Expert: Scotto - 3/11/2009

Question
How do I know when to use integration by parts? My textbook uses ln to solve the integral of x/square root of (9 - x ^2) but not for 1/ square root of (x + 1)

Answer
The only way that I have found is by trial and error.
Eventually you recognize how to do a lot of them.

On the x/√(a+bx²), it can also be done by u-substitution.
Let u=a+bx², then du = 2bx dx.  
This can replace the x dx by noting that x dx = du /(2b).

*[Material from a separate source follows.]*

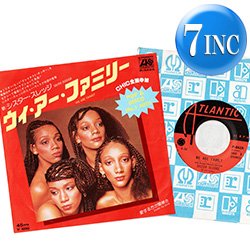 画像1: SISTER SLEDGE / WE ARE FAMILY & 愛する方が簡単さ (7インチMIX) [◎中古レア盤◎お宝！日本版ジャケ ！7インチMIX！]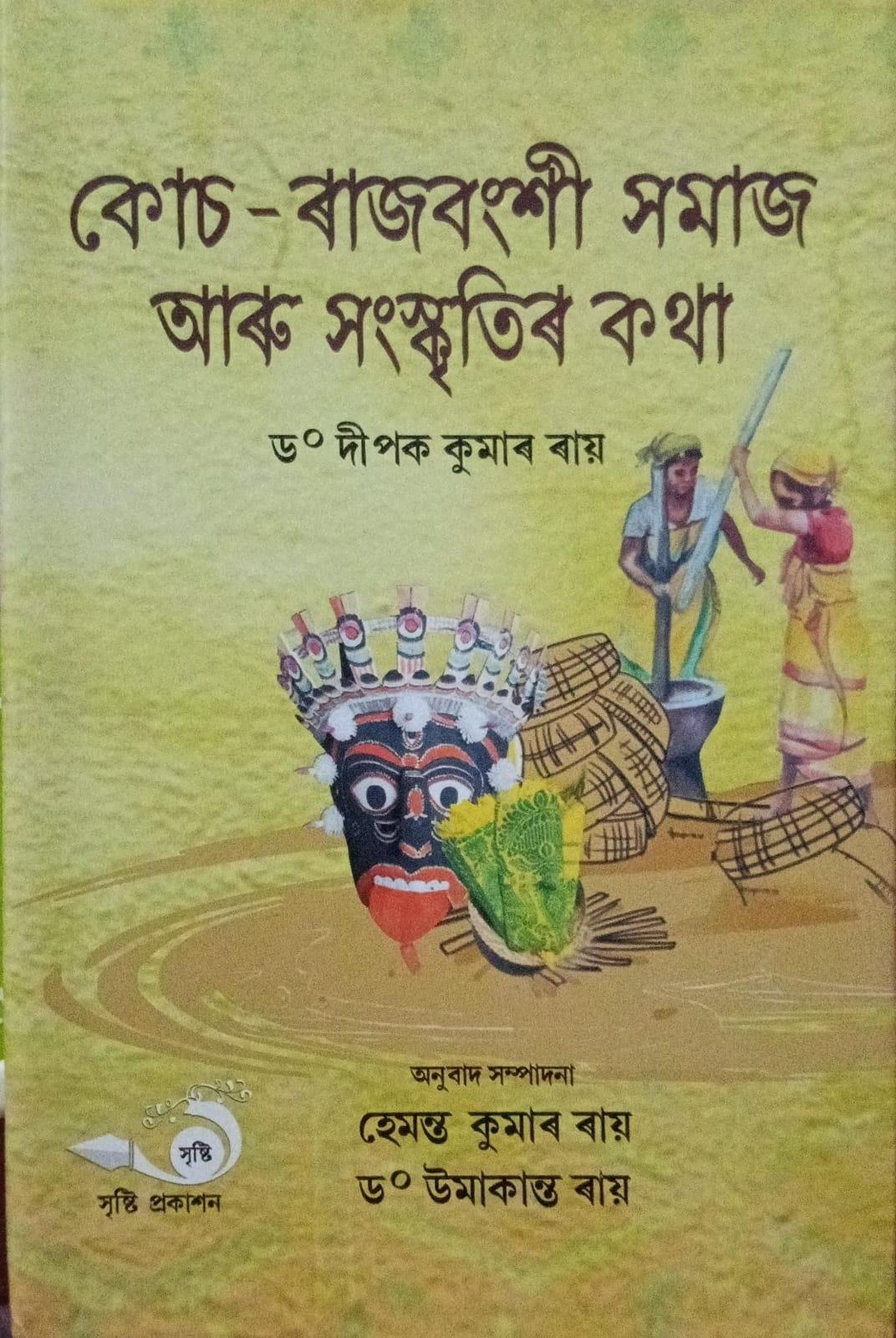 কোচ - ৰাজবংশী সমাজ আৰু সংস্কৃতিৰ কথা (Koch- Rajbanchi Samaj Aru Sankritir Katha)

On the 1/√(x+1), I would say let u=√(x+1).  
This would make du = dx/(2√(x+1)), so 2 du = dx/√(x+1).
So ∫ 1/√(x+1) dx would become ∫ 2 du.
The answer is just 2u, which is 2√(x+1).

To test this, take the derivative.  
Note that √(x+1) is the same as (x+1)^0.5.
When this is differentiated, the 0.5 cancels the 2 out front.
One is subtracted from the exponet, making the exponet be -0.5.
This makes the answer (x+1)^-0.5 = 1/√(x+1).

There are generally three cases for integration when a power of an expression is in the denominator.

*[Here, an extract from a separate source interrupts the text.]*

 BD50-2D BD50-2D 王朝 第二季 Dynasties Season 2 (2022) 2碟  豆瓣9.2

1: The derivative of the denominator is in the numerator
(or a constant time the derivative).  This is u-substitution.

2: There is an x² in the squareroot with no x in the denominator.
This can be converted to a trig function.  If it is a plus sign in the denominator beneath the squareroot, x goes on the far leg and the squareroot of the other term goes on the near leg, making the hypoteneuse into the factor that is in the denominator.  If there is a minus sign in the squareroot, the hypoteneuse is the squareroot of the + term and the far side is the squareroot of the - term.  This makes the near side what you are integrating.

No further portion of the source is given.